Daylight, come. Daylight, go

Daylight, come. Daylight, go.

Season 1 was perfect, Kevin was the only good part of 2+3

>not Nora and Matt
I agree with season 1 being the best though.

bumping good thread

WHAT DID THE GOAT IN THE FINALE MEAN?

season 2 was such a perfect season of television that it made it impossible for season 3 to compete. damn shame.

I enjoyed all 3 season but I have to say season 1 was the best.

I had the finale spoiled for me, but it still hit very hard emotionally.

1=2=3, this is the only show that I believe that all of the seasons are exactly equal. 1 was most consistent, 2 had the highest and lowest points, 3 was inbetween but all were excellent

Part of me at first didn't like the idea of the machine being able to send people to the other world, but the pay off was great.

Question: Would you rather be part of the 2% of the 98% that stayed?

98% for me. Fuck that other dimension.

For Nora's family it turned out alright(which makes her tragedy even more heart wrenching), for everyone else probably not so much.

Daylight come and me wan go home

I loved all the seasons. I wish they really pushed the surreal dreamlike shit in season 3 but it was still great. That poem and double Kevin scene was amazing

They were the lucky ones. Imagine all the kids and people who just died because there was nobody around to help them.

Young kids, sick and elderly. Just suddenly alone. That part with the fetus hit me hard in season 1.

It didn't

1 was still the best season but John/Matt/Patty were all amazing in the second season.

You think the machine didn't work at all?

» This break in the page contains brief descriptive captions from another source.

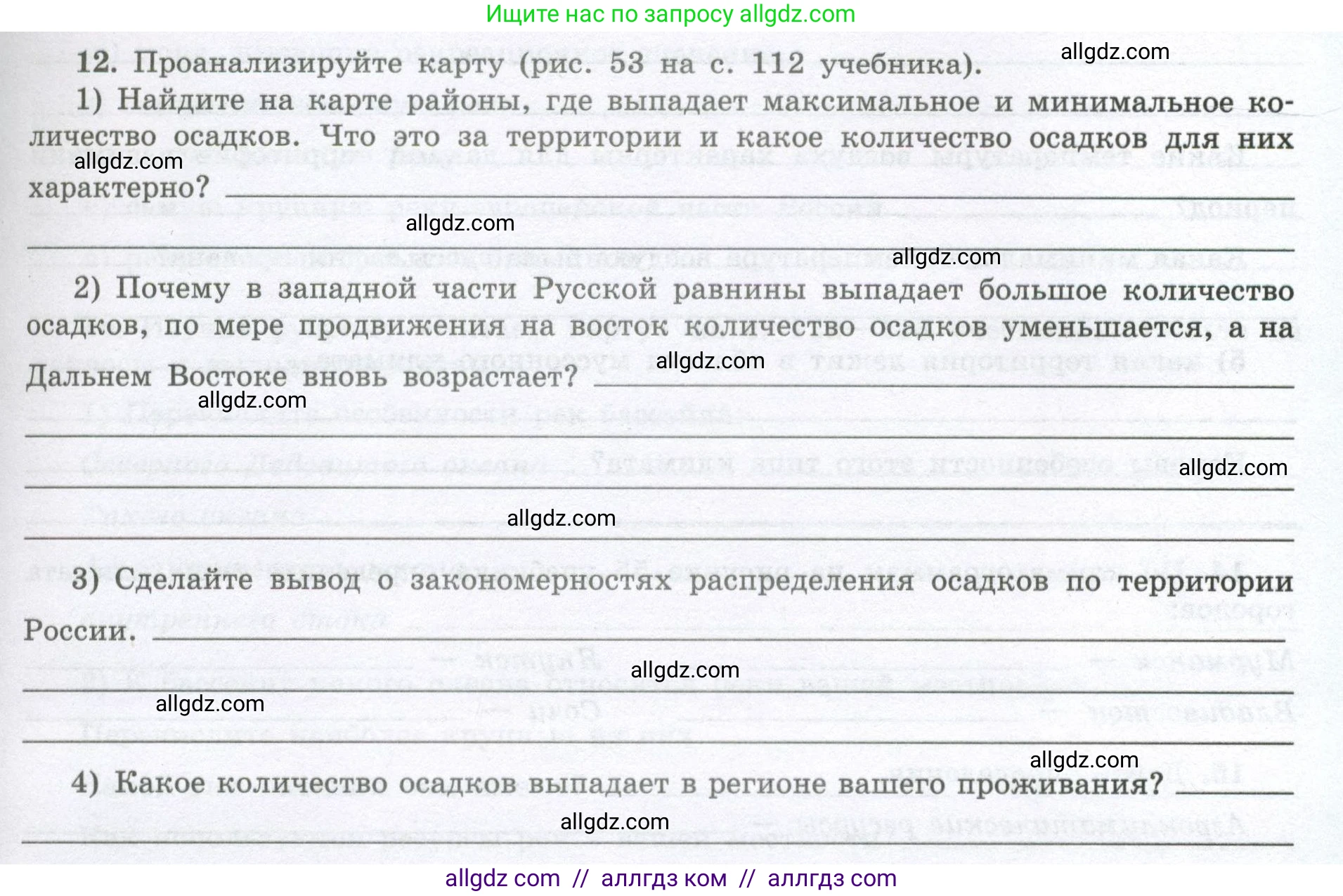 География, 8 класс Мой тренажёр, автор: Николина Вера Викторовна, издательство Просвещение, Москва, 2023, жёлтого цвета, страница 37, номер 12, Условие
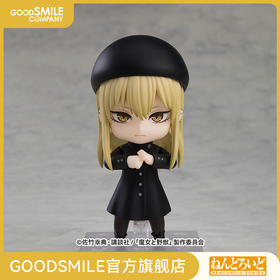 【GSC现货】粘土人 基德 魔女与野兽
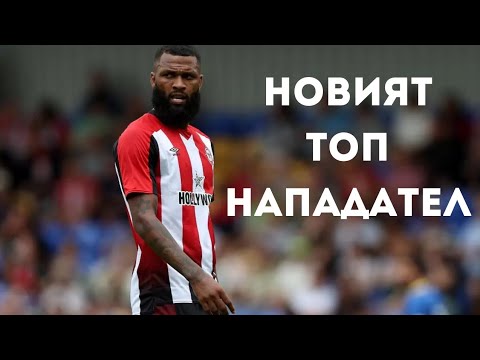 Видео: От голове срещу до голове срещу Ман Юнайтед- ИСТОРИЯТА НА ИГОР ТИАГО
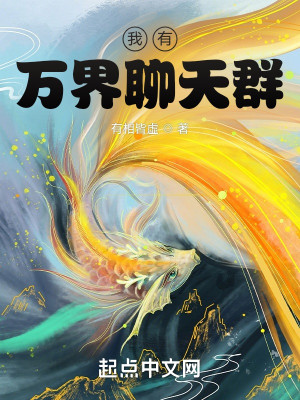 我有萬界聊天羣小說封面圖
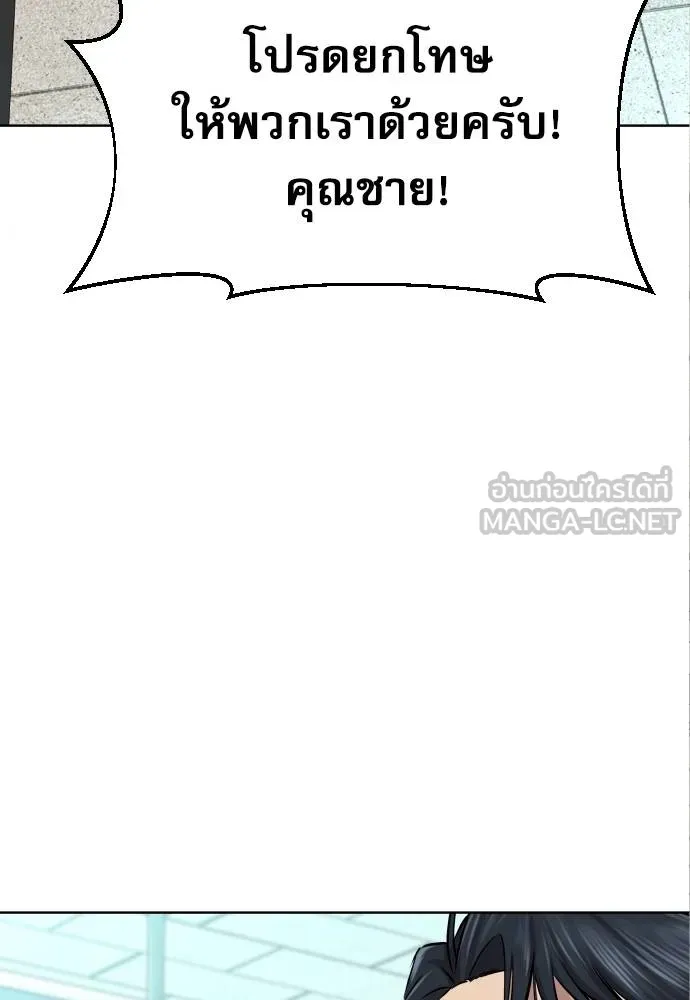 หลานอัจฉริยะ ตอนที่ 26 รูปที่ 135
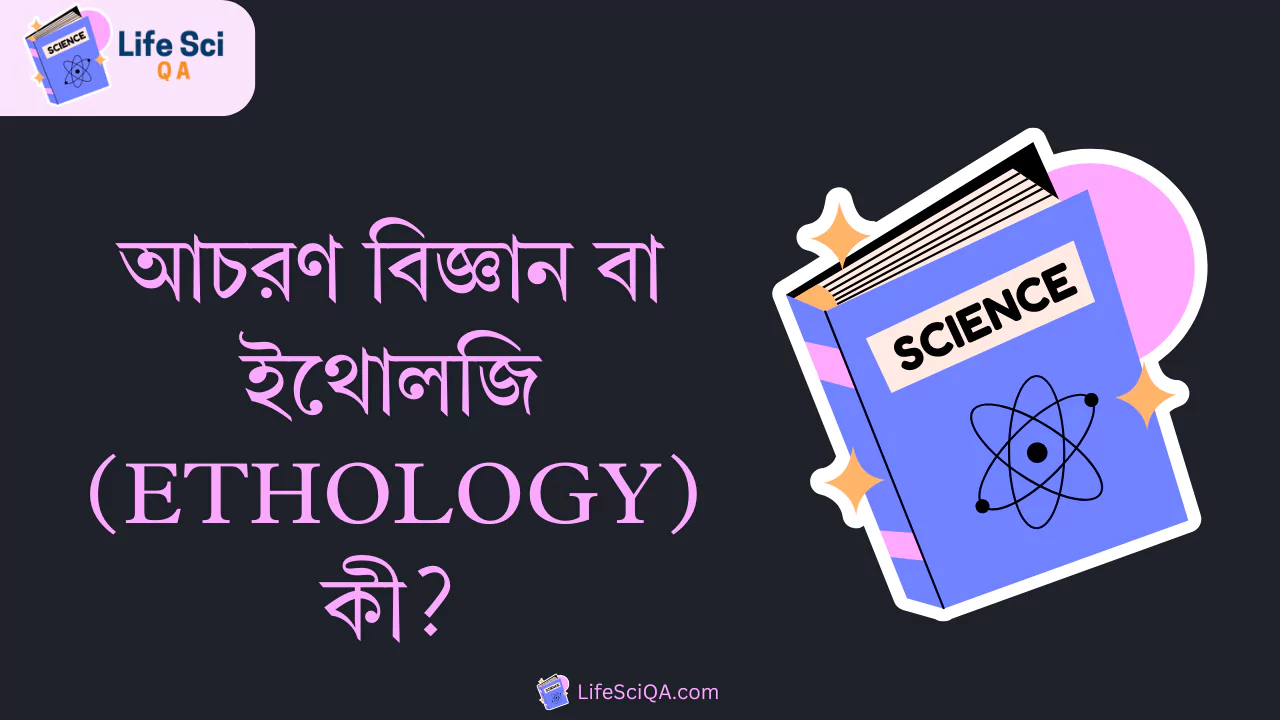 আচরণ বিজ্ঞান বা ইথোলজি (ethology) কী?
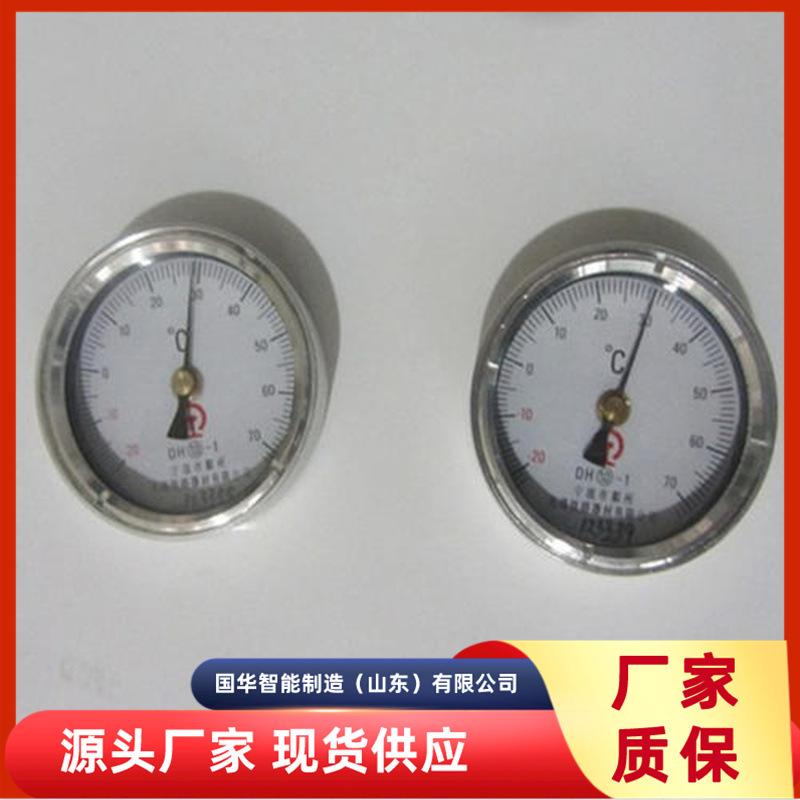 u=2027398380,9788507&fm=26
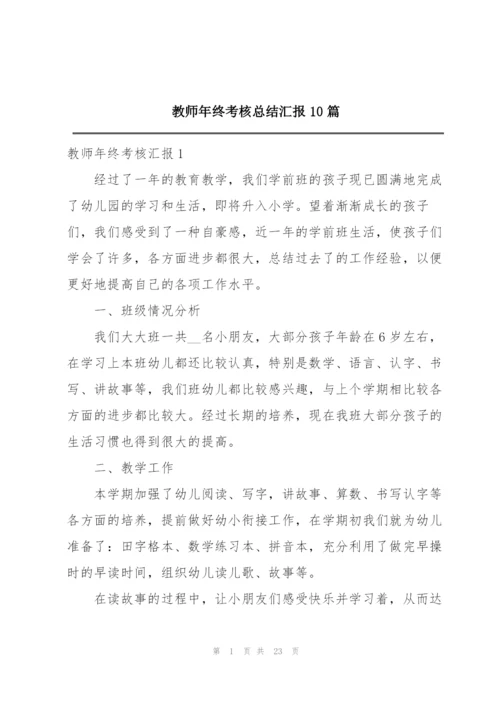 教师年终考核总结汇报10篇.docx
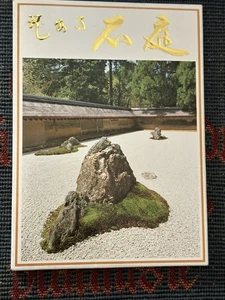 Conjunto de Postales Japonesas de Kioto x 12 Templo Ryoanji Jardín Zen Efímero - Imagen 1 de 3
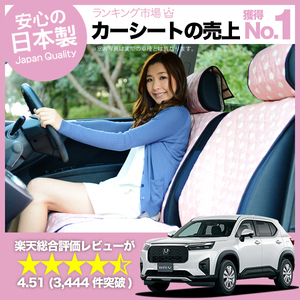 夏直前500円 ホンダ WR-V DG5 型 X Z Z+ 車 シートカバー かわいい 内装 キルティング 汎用 座席カバー ピンク 01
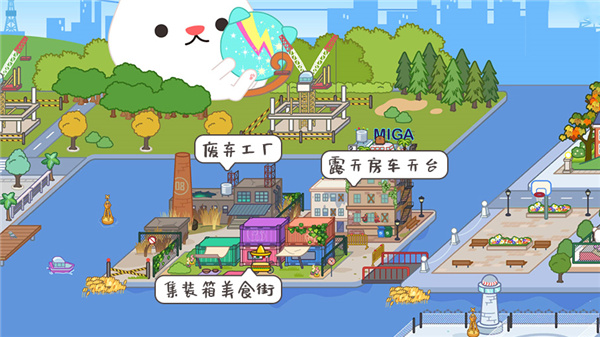 miga towe my world国际版_休闲益智_第1张_99下载站 miga towe my world国际版_https://www.99ziyuan.net_休闲益智_第1张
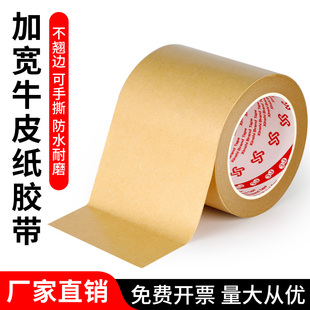 3J牛皮纸胶带强力高粘度可手撕免水牛皮纸质胶布外贸封箱打包装相框裱画框棕色胶带大卷33米粘毛胶带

I just believed it without even considering that it didn't work.

Why did Nora hide from Kevin for all that time?

>all the cucks ITT implying Nora didn't lie

2% world would be comfy.

Not like there was much to spoil.

literally the opposite is true

For me, the strongest argument for Nora lying was the idea her family would still be in the same house after 98% of Mapleton disappeared, and the other houses were all unoccupied. I can honestly believe all of it except for that. Her story would be longer and even more fantastical if she had to track down 3 people in a world missing 98% of the population.
it also seems unlikely the scientist was able to build the device to send her home in a world where there aren't even enough pilots to fly an airplane. Assuming Nora was in the twilight world for 10 years and she spent a year just getting to her family, then spent 1-2 years finding the scientist it seems unlikely to me that he would be able to build the device in 7 years.
It's also insane to me that he wouldn't get there, realize he built a portal between worlds and not immediately build another one and start reuniting families, spreading the news and get filthy rich building thousands of the damn things as humanity gains another god damn earth to live on.

>Kevin finally comes clean and reveals his honest emotions about what happened
>Nora responds to this by making up elaborate lie and bullshitting him
This is the worst ending, I choose to believe her. More plausible than a man coming back from the dead multiple times or people just disappearing and gong nowhere.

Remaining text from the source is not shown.